> [Data for the task]:
=== Begin Enclosure ===

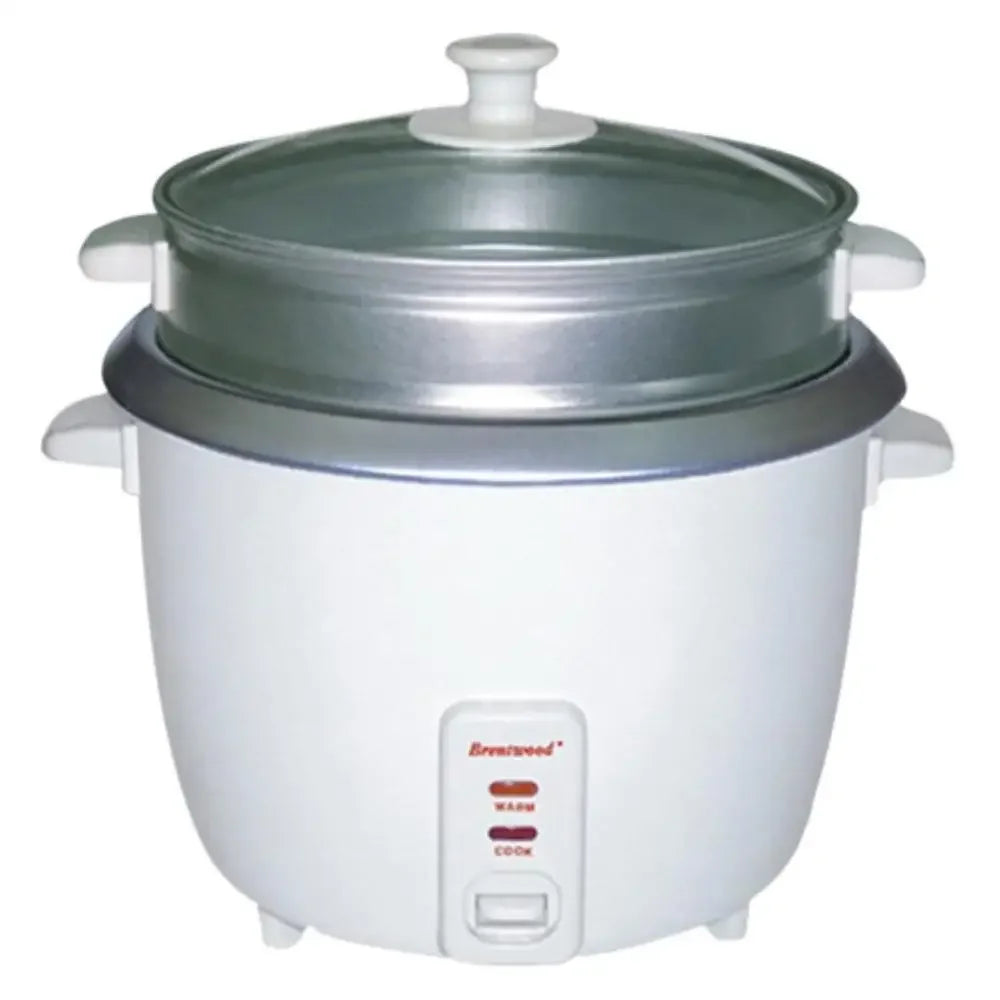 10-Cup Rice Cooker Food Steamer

=== End Enclosure ===
=== Begin Enclosure ===

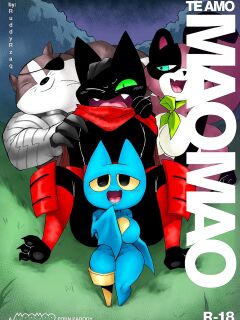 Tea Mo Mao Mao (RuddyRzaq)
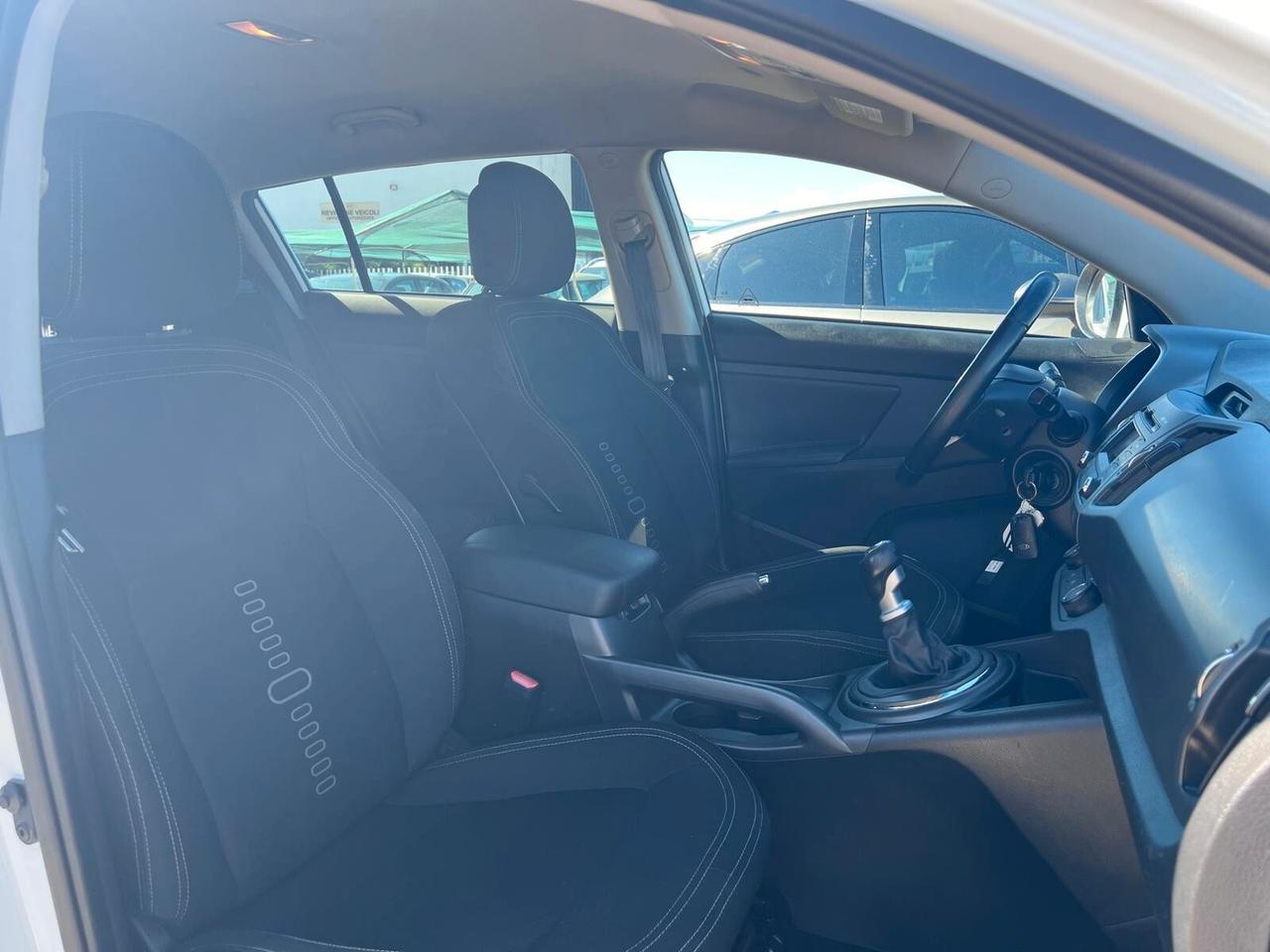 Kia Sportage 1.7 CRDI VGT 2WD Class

=== End Enclosure ===

> [Exercise requirements]:
Above are the records. Copy word for word only their lines from the one holding "Tea Mo Mao Mao (RuddyRzaq)" through the one holding "Kia Sportage 1.7 CRDI VGT 2WD Class", both included, and skip the images.

> [Solution to the problem]:
 Tea Mo Mao Mao (RuddyRzaq)
 Kia Sportage 1.7 CRDI VGT 2WD Class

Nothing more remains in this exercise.